Don Rafael war nie in die väterliche Wohnung gekommen. Einen Augenblick hoffte er, sich verirrt zu haben, obwohl die Umgebung dieselbe war, die man ihm beschrieben hatte: eine mit Eschen bepflanzte Allee und am Ende die Hazienda del Valle.

Ein umfassendes Gebäude erhob sich vor ihm, aber wüst und schweigend wie ein Grab.

Das Tor desselben war halb geöffnet.

Plötzlich machte das Pferd einen Seitensprung.

In der Finsternis oder vielmehr in seiner Verwirrung hatte der Offizier den Gegenstand, vor dem sein Pferd scheute, nicht bemerkt.

Es war ein Leichnam, dem der Kopf fehlte.

Bei diesem entsetzlichen Anblick stieß der Offizier einen Schrei aus, auf den allein das Echo antwortete.

Er kam zu spät, alles war vollendet.

Der Kopf des Leichnams war an den Haaren an einen Türpfosten gehängt. Die Züge desselben waren so wenig entstellt, dass Don Rafael leicht in ihnen die seines Vaters wiedererkannte.

Es war leider nur zu wahr! Der Spanier war das Opfer der Aufrührer geworden, die keine Achtung vor seinem verteidigungslosen Alter gehabt hatten. Die Urheber dieser Gräueltat rühmten sich sogar noch derselben. Unter dem Kopf standen die Namen geschrieben:

Arroyo – Antonio Valdes

In Nachdenken versunken, hatte der Offizier den Kopf auf die Brust geneigt. Dann aber rief er laut, gleichsam als Antwort auf seine geheimen Gedanken: »Wo soll ich sie aber finden, wie in meine Gewalt bekommen, diese beiden Köpfe, die ich hier anzunageln habe?«

»Indem du für Spanien mit Leib und Seele einstehst«, antwortete ihm jene Stimme, die so oft aus tiefster Brust zum Menschen spricht.

»Es lebe Spanien!«, rief der junge Offizier mit donnernder Stimme. Ein Sohn kann nicht unter demselben Banner kämpfen wie die Mörder seines Vaters.

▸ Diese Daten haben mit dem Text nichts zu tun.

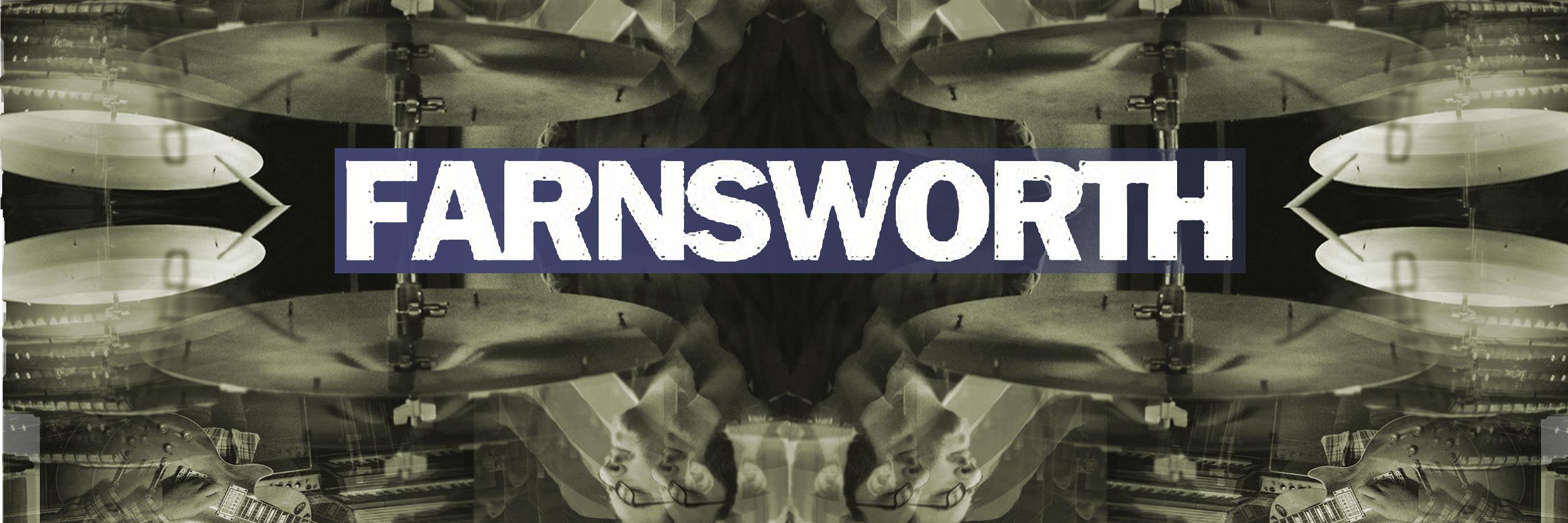 Farnsworth banner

Hierauf stieg er vom Pferd und kniete andächtig nieder.

»Verehrungswürdiges, teures Haupt«, sprach er, »ich schwöre bei deinem weißen, mit blutbesudeltem Haar, alle meine Kräfte aufzubieten, um diese gebrandmarkte Insurrektion, deren erster Schritt dich das Leben gekostet hat, mithilfe des Eisens und Feuers noch in der Wiege zu ersticken. Gott stehe mir bei!«

Don Rafael erhob sich und er erinnerte sich in diesem Augenblick der Worte seiner Geliebten: Mögen alle diejenigen, welche ihren Arm zugunsten Spaniens erheben, der Schande und Schmach anheimgegeben sein. Mögen sie nie ein Dach finden, das sie aufnimmt, nie ein Weib, das ihnen zulächelt. Die Verachtung aller derer, die sie lieben, mag das Erbteil der Landesverräter sein.

Aber angesichts des verstümmelten Leichnams seines Vaters schwankte der junge Offizier nicht in seinem Entschluss. Das Gefühl der Pflicht besiegte alle anderen Empfindungen, die in seiner Brust auftauchten. Er folgte willig der inneren Stimme, die ihm zuflüsterte: »Tue, was du musst, mag geschehen, was da wolle!«

Der Mond stand schon hoch am Himmel, als Don Rafael die peinliche Aufgabe vollendet hatte, ein Grab für seinen ermordeten Vater zu graben.

Ehrfurchtsvoll hob er den toten Körper auf und trug ihn in die Gruft. Dann löste er den Kopf vom Pfosten und legte ihn an die Stelle, die er im Leben am Rumpf eingenommen hatte. Nachdem dies geschehen war, zog Don Rafael unter seinem Hemd die lange Haarflechte der Geliebten hervor, nahm die von ihren Händen gestickte weiße Schärpe von seinen Schultern und legte diese Pfänden seiner Liebe nicht weniger ehrfurchtsvoll neben die teuren Überreste seines Vaters.

Dann warf er mit konvulsivisch zuckenden Händen die ausgegrabene Erde wieder in die Grube.

Er begrub in derselben seine teuersten Hoffnungen.

Nach wenigen Minuten bestieg er sein Pferd und sprengte in die Richtung nach Oajaca.